Every line below is to be set down again exactly; any image stays out.

◆ **RECORDED DATA**

****************

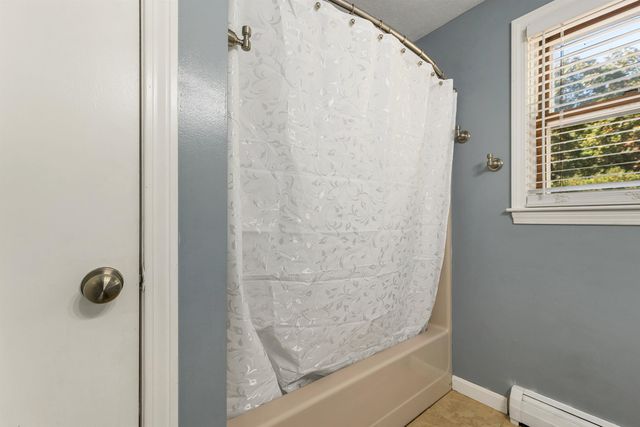 1 Bellflower Circle, Concord, NH 03303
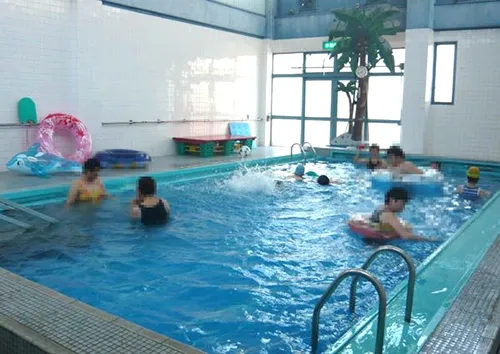 室内温水プールの写真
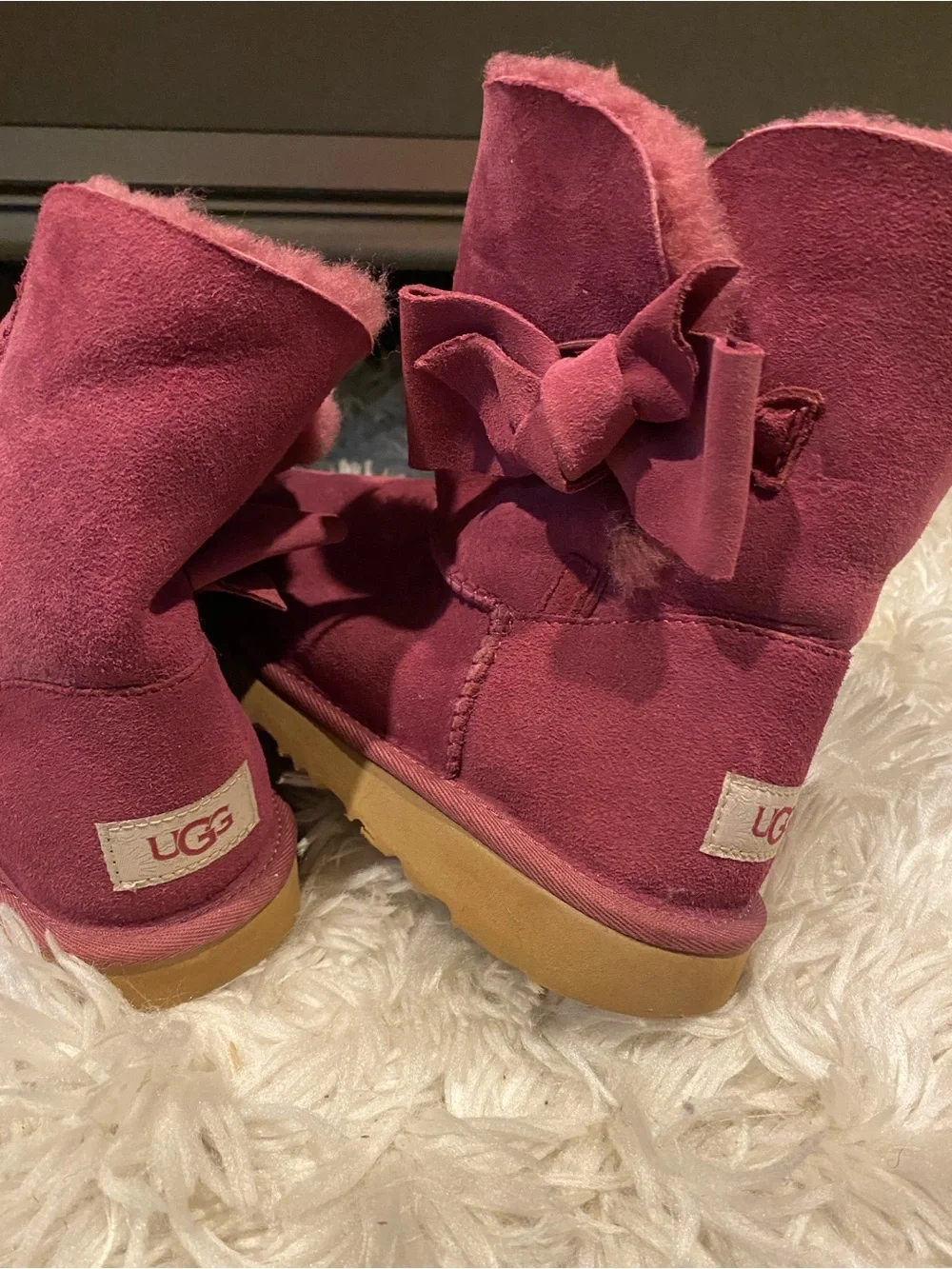 UGG Kids Daelynn Girls Boug dusty rose/mauve Suede side Bow Short Boots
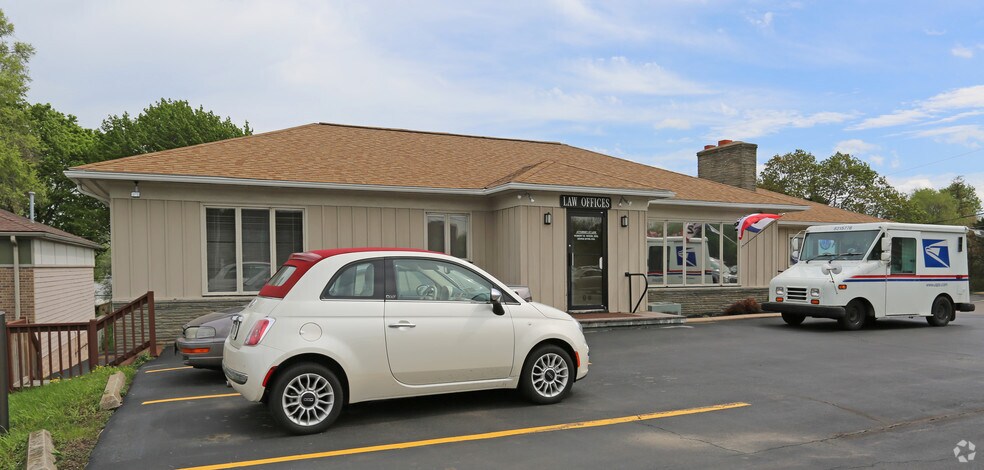 2080 W Ridge Rd, Greece, NY à louer - Photo de l’immeuble – Image 3 sur 50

****************

◆ **ANSWER BOX**
 1 Bellflower Circle, Concord, NH 03303
 室内温水プールの写真
 UGG Kids Daelynn Girls Boug dusty rose/mauve Suede side Bow Short Boots
 2080 W Ridge Rd, Greece, NY à louer - Photo de l’immeuble – Image 3 sur 50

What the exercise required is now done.